The big sell came the next day. I was eating an early dinner at Pemba Dolphin. Charles saw me and waited outside, on the beach. He told me that he had been to the doctor, and he was very sick. He needed about $10 US so he could go to some random village for treatment. He showed me some sort of note in doctor's scrawl. He said that I was his friend and that friends help each other out. That's when I turned on him. I informed that we were not friends. I knew he was conning me, and I knew that he had been conning me since I arrived. He of course denied this and repeated over and over again that he was sick. I didn't disbelieve this; my argument was simply that I had no obligation to do anything about it. He repeated more rubbish about us being friends blah blah blah. That's when I pulled out my ace. "OK Charles. If we're friends, how many brothers and sister do I have? What's my job? What country are my parents from?" These are fair questions; I usually start blathering on about these things within three minutes of meeting someone. Of course Charles didn't know; he had never asked because he didn't care. I thought I had won the argument.

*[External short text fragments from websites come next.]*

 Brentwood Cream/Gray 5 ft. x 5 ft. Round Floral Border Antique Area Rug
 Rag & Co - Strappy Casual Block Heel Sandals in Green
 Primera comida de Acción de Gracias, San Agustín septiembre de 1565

Then Charles pulled out his trump card. Literally. It was his penis. He had severe syphilis or some such disease. I almost vomited into the sand; it may have been the most disgusting sight I've ever seen in my life. Everything made sense now. That's why he was going to a village and not the big, well-equipped hospital in Pemba. He was infected so bad that antibiotics couldn't do a damn thing for him anymore, not that he could afford antibiotics anyway. He was going to a witch doctor, which probably wouldn't help a bit. I had been shown visual evidence that Charles was probably going to die of syphilis, and pretty quickly at that. "I'm very sick my friend", he repeated. He showed me his penis again, and I nearly vomited again. So of course I gave him the money. What, did you think I was going to deny $10 to a dying syphilitic? I thrust the money at him, told him not to speak to me for the rest of the time I was in Pemba, and trudged away.

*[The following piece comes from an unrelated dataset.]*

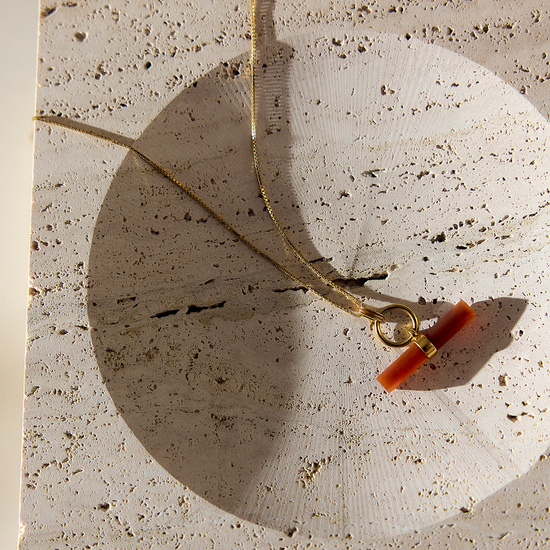 gold ring necklace with orange bar on a gold chain form rachel jackson on a stone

A day later, Charles was calling me "my friend" again and trying to sow the seeds of another con. Can't really blame him, I had proven a relatively easy sell. He asked what time I was leaving for Maputo, so that he could come and say goodbye (i.e. ask for more money). I said I was leaving at 5:00 PM, had to be at the airport by 3:00, and he should come by at 2. My flight left at 11:30. Two can play at games of deception.